Los científicos predijeron que habría un calentamiento global de alrededor de 0,2 grados centígrados por década debido a las emisiones de gases de efecto invernadero de los combustibles fósiles. El nuevo análisis encontró que la ciencia de Exxon era muy precisa y “consistente con, y al menos tan hábil como, los modelos académicos y gubernamentales independientes”.

“Este documento es la primera evaluación sistemática de las proyecciones climáticas de una compañía de combustibles fósiles, la primera vez que hemos podido poner un número a lo que sabían”, dijo Geoffrey Supran, autor principal, en un comunicado. “Excelentes científicos dentro de Exxon modelaron y predijeron el calentamiento global con, francamente, habilidad y precisión impactantes”.

Analizando los datos de Exxon

Los investigadores analizaron más de 100 documentos internos y publicaciones científicas revisadas por pares realizadas internamente por científicos de Exxon o en coautoría en publicaciones independientes entre 1977 y 2014. Encontraron que el 63-83 % de las proyecciones de calentamiento global de los científicos de Exxon eran consistentes. con temperaturas reales a lo largo del tiempo.

Exxon descartó correctamente la idea de que el mundo se dirigía a una edad de hielo inminente, una posibilidad discutida en la década de 1970. Los científicos de la compañía predijeron con precisión que el cambio climático causado por el hombre sería detectable por primera vez en el año 2000, más o menos cinco años, y también calcularon la cantidad de CO2 que conduciría a un calentamiento peligroso.

La Tierra se ha calentado un poco más de 1 grado Celsius en comparación con la época preindustrial de finales del siglo XIX. Este calentamiento ha provocado fenómenos meteorológicos extremos, como olas de calor, inundaciones y sequías. Los investigadores de este nuevo estudio encontraron, por ejemplo, que los propios modelos climáticos de Exxon anticiparon este tipo de aumento de temperatura.

Repleto de este amplio conocimiento, Exxon inició una larga campaña para minimizar o desacreditar lo que sus propios científicos habían confirmado. Por ejemplo, en fecha tan reciente como 2013, el ex director ejecutivo de Exxon, Rex Tillersondijo que los modelos climáticos eran “no competentes” y que “hay incertidumbres” sobre el impacto en el planeta de la quema de combustibles fósiles.
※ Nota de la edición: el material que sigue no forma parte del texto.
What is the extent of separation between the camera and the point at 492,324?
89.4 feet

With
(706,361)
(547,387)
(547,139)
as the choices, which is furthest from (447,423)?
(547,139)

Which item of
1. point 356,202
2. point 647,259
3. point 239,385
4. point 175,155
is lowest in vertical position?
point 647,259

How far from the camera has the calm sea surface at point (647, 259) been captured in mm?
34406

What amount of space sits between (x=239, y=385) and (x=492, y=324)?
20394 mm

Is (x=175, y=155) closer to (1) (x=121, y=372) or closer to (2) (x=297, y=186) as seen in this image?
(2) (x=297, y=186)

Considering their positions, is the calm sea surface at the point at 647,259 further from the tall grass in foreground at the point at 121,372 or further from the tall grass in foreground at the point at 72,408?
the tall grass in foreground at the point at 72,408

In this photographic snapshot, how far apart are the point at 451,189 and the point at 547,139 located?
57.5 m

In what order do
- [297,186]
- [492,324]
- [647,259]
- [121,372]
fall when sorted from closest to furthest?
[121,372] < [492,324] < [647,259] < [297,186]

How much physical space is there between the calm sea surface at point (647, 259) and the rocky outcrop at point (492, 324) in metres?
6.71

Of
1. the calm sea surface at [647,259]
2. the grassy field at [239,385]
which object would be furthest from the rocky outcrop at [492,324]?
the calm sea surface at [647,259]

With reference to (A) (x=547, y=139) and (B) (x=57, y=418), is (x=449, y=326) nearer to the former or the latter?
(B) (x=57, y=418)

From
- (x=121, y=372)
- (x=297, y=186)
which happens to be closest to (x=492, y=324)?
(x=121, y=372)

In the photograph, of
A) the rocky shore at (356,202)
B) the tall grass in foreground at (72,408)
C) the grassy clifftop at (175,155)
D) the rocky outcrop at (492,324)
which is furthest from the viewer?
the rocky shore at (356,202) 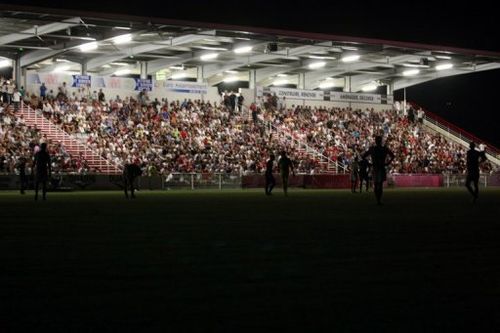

“Creo que este nuevo estudio es la prueba irrefutable, porque muestra el grado de comprensión… esta comprensión realmente profunda, realmente sofisticada y realmente hábil que quedó oscurecida por lo que vino después”, dijo Naomi Oreskes, coautora del estudio. en una oracion. “Los científicos de ExxonMobil conocían este problema en un grado sorprendentemente bueno”.

Actualmente, la empresa enfrenta más de 20 demandas presentadas por gobiernos estatales y locales por daños causados ​​por el cambio climático. Baltimore en los EE. UU. estuvo entre los primeros. El año pasadoun grupo de ciudades de Puerto Rico presentó una demanda por extorsión contra las empresas de combustibles fósiles, incluida Exxon, alegando que conspiraron para engañar al público sobre el cambio climático.

El estudio fue publicado en el Revista Ciencia.